Week 5: Applications — related rates, optimization, differential equations, slope fields. These are the free-response question types that require both computation and written justification.
Week 6: Timed full past papers under exam conditions. Review errors by category, not by paper date.
The two calculator-paper mistakes
On the calculator-eligible sections, two habits distinguish students who score full marks from those who do not:
1. Storing intermediate values rather than rounding them. The AP exam rounds only the final answer. Students who round after each step accumulate error and sometimes land more than 0.001 away from the correct answer, which costs the point. Store every intermediate result in a calculator variable.
2. Showing the setup even when using a calculator. "I computed the integral" is not a justification. Write the setup (the integral expression, the limits, the integrand) before stating the calculator result. Free-response points are awarded for process, not just answers.

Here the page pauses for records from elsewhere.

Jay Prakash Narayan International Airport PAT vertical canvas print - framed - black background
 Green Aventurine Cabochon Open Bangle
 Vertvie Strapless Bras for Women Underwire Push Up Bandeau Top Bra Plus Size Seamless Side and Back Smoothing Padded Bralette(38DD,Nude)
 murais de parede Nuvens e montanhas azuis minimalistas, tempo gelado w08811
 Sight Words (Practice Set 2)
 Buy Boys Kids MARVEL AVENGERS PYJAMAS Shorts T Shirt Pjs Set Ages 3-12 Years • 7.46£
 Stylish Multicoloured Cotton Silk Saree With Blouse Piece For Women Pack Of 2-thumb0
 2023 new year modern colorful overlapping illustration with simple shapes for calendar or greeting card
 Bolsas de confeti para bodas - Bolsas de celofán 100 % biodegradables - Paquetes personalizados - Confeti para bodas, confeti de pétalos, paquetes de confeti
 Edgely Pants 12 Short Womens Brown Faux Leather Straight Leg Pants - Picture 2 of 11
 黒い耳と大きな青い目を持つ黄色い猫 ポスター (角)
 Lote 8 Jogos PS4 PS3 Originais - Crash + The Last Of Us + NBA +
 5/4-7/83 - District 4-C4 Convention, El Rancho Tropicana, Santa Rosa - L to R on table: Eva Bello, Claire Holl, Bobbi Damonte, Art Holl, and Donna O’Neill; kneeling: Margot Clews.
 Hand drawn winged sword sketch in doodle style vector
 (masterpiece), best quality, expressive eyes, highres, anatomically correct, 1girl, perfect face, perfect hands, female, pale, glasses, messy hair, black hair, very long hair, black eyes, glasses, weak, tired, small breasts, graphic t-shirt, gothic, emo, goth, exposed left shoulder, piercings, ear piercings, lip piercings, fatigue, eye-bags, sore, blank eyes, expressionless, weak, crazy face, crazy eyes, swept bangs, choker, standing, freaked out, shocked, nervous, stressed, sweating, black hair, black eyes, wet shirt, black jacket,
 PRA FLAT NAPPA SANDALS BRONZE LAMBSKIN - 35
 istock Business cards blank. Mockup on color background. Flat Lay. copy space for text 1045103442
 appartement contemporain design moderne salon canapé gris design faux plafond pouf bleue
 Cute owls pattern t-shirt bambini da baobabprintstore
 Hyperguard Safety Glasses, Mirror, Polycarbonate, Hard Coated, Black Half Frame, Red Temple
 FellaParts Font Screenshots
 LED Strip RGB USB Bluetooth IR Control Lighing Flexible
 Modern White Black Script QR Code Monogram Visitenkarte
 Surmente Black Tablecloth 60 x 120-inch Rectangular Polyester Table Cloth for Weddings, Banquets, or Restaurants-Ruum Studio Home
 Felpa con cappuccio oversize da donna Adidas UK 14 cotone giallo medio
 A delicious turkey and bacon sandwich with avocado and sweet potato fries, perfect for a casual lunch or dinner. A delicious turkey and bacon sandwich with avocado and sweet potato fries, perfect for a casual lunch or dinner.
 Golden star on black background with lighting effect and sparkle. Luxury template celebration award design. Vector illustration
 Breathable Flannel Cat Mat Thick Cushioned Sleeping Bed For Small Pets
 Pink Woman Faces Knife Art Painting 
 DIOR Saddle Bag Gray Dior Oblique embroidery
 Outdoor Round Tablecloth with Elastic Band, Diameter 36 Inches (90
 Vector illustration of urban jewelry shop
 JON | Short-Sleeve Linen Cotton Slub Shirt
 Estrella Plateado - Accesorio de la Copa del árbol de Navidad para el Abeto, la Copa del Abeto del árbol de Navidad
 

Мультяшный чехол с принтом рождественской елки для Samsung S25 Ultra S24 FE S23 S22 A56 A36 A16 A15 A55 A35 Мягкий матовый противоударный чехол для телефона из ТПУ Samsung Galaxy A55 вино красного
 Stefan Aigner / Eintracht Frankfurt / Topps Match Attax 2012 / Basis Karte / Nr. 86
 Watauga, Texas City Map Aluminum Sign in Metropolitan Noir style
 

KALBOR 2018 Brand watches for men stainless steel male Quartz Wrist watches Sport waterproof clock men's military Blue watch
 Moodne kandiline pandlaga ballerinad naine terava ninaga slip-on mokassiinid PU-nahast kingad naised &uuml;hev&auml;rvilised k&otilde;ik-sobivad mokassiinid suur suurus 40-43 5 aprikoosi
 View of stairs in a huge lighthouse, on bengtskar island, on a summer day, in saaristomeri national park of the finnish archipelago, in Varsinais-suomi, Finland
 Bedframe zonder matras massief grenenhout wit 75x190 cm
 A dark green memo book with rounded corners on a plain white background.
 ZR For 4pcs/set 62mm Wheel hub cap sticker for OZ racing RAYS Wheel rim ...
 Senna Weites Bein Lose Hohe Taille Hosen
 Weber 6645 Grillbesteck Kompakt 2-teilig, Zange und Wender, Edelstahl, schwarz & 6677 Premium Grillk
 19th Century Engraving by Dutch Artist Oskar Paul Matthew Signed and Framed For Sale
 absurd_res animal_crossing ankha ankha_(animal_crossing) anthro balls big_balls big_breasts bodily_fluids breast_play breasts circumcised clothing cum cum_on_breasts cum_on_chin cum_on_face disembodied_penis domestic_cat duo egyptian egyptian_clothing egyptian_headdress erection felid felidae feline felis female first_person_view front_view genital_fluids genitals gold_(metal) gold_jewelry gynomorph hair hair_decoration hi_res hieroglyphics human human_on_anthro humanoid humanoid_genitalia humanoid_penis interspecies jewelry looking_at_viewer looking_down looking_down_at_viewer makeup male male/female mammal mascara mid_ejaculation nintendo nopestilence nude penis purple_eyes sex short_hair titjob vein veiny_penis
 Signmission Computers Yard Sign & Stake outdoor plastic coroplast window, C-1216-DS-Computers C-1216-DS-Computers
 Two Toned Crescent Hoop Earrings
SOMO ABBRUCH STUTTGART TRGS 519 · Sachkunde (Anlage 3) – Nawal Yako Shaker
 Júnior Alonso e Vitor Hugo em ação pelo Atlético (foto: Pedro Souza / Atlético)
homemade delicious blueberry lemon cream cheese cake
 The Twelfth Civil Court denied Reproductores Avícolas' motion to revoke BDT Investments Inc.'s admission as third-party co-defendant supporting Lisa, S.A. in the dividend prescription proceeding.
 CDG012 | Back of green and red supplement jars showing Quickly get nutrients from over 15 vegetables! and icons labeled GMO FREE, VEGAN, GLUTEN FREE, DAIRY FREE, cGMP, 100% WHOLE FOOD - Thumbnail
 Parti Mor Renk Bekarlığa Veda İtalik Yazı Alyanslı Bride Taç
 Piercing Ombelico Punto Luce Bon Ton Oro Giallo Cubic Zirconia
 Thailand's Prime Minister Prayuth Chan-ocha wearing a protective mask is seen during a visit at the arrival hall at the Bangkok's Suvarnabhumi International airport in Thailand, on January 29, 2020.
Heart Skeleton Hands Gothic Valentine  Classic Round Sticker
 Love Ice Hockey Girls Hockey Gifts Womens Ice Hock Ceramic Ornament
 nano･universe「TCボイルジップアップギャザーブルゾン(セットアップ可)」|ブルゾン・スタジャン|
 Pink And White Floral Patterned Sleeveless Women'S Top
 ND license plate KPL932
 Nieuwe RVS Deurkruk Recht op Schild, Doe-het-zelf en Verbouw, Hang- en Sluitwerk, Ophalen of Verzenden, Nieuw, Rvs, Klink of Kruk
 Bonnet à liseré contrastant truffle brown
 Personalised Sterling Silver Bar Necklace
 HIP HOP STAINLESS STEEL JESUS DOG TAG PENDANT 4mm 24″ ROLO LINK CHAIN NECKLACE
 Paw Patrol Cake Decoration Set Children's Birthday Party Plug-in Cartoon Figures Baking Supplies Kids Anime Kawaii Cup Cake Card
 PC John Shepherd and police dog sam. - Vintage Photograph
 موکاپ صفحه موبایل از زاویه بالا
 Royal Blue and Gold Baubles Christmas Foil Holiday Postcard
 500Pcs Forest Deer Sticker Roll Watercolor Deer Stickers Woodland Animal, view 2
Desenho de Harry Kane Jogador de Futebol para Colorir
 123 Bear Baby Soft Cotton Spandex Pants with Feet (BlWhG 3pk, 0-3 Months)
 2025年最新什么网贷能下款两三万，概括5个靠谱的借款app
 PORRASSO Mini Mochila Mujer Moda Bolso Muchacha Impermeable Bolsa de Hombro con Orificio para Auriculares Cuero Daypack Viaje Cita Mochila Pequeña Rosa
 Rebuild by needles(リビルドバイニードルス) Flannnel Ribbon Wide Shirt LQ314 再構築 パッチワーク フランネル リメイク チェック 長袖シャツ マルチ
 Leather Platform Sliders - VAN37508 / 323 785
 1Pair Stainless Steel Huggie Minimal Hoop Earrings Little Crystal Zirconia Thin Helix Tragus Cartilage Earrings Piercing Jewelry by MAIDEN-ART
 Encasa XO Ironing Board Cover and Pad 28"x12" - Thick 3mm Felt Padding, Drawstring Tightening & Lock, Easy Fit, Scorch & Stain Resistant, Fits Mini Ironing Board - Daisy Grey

The written justification problem
Roughly a third of free-response marks are for mathematical justification — the reasoning that connects the setup to the conclusion. "The function is increasing because f'(x) > 0 on (1, 3)" earns a mark. "The function is increasing because I can see it" does not.
Practise writing justifications on every problem, not just the ones that explicitly ask for them. Justify every sign change, every extremum, every conclusion about concavity.
Frequently Asked Questions
How many past AP Calc papers should I do?
The College Board releases free-response questions going back to 1998. The most relevant are the last five years. Do not do older than 10 years for timing practice — the format changed. Use older papers for individual question practice without the time pressure.
Is AP Calculus BC significantly harder than AB?
BC covers all AB material plus: parametric equations, polar coordinates, vector-valued functions, series and sequences (including Taylor series), L'Hôpital's rule, and more integration techniques. The BC exam is longer but proportionally scored — students who do BC do not need a higher raw score to get a 5.